[Assigned task] Where an image appears, leave it out; otherwise repeat the data exactly.
Start of Recorded information
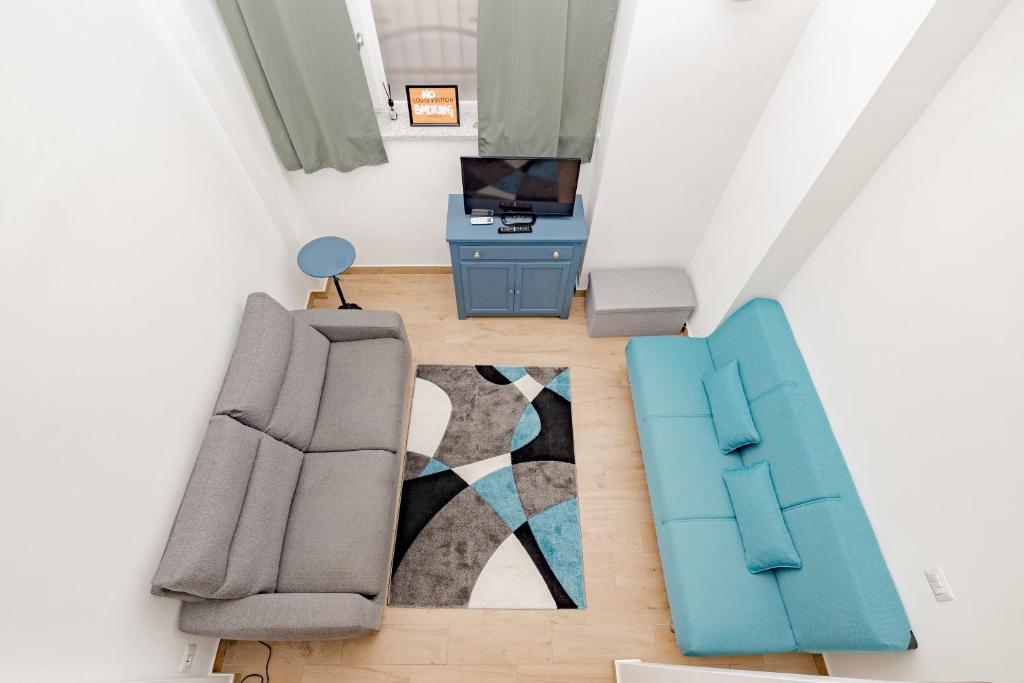 vista sul soffitto di un soggiorno con mobili blu di Barbara's house - Milano Navigli - 2 km from Duomo a Milano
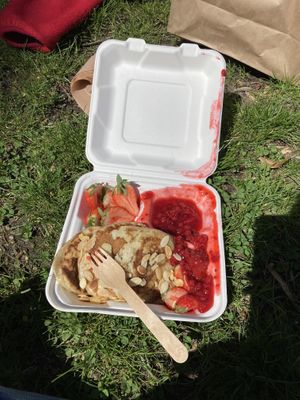 vegan pancakes for breakfast - yum yum at Jaskolka in Warsaw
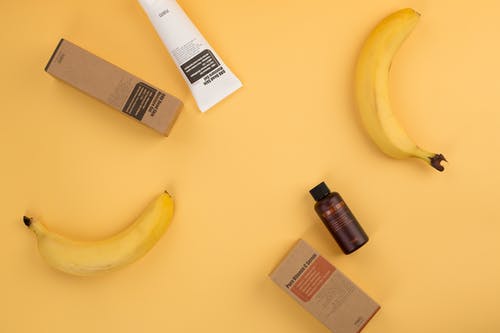 Beauty DIY: 4 φυσικές συνταγές για πρόσωπο και μαλλιά με βάση τη μπανάνα!
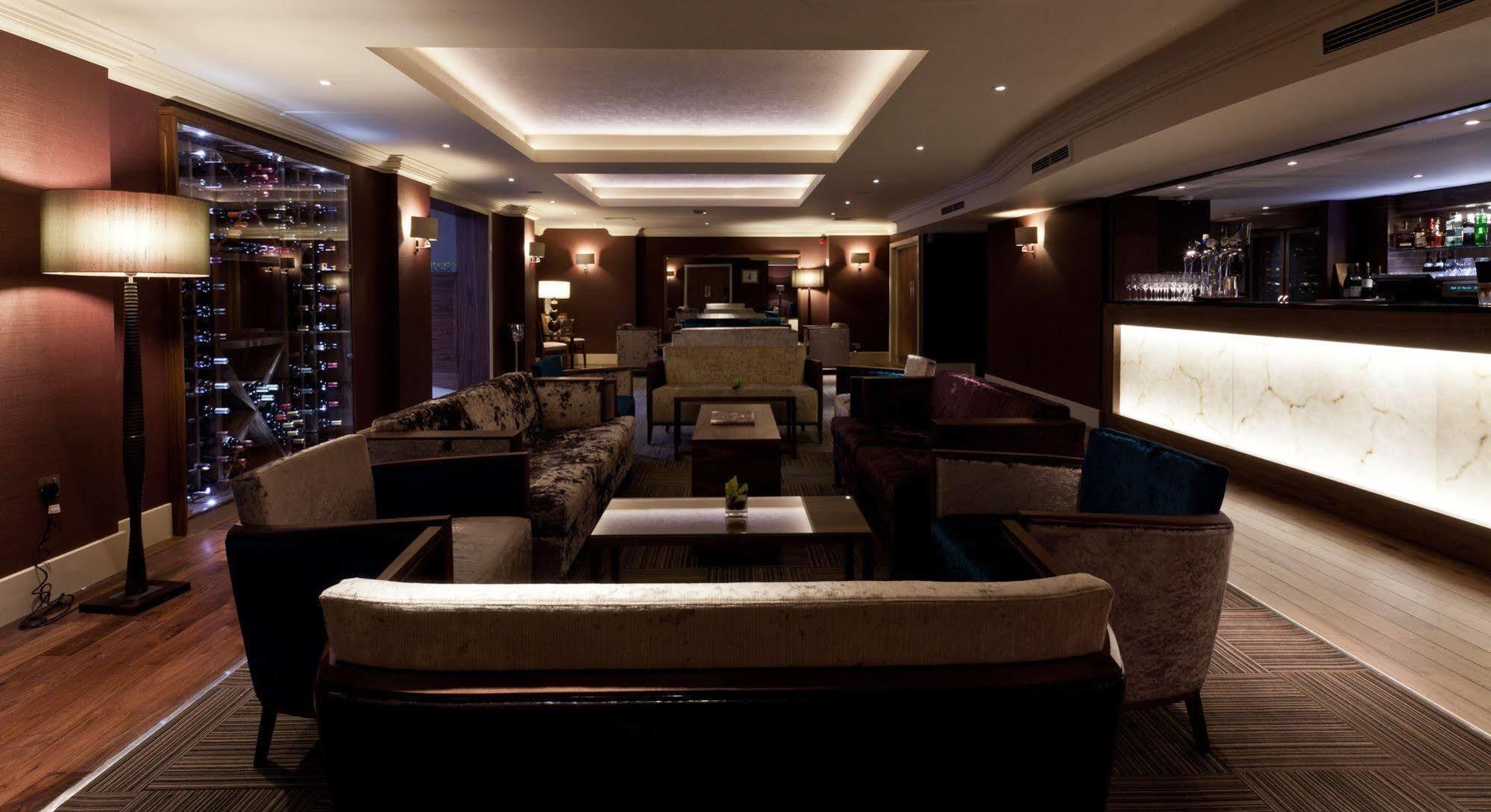 The Mere Golf Resort & Spa Bagian luar foto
End of Recorded information
[The answer]
 vista sul soffitto di un soggiorno con mobili blu di Barbara's house - Milano Navigli - 2 km from Duomo a Milano
 vegan pancakes for breakfast - yum yum at Jaskolka in Warsaw
 Beauty DIY: 4 φυσικές συνταγές για πρόσωπο και μαλλιά με βάση τη μπανάνα!
 The Mere Golf Resort & Spa Bagian luar foto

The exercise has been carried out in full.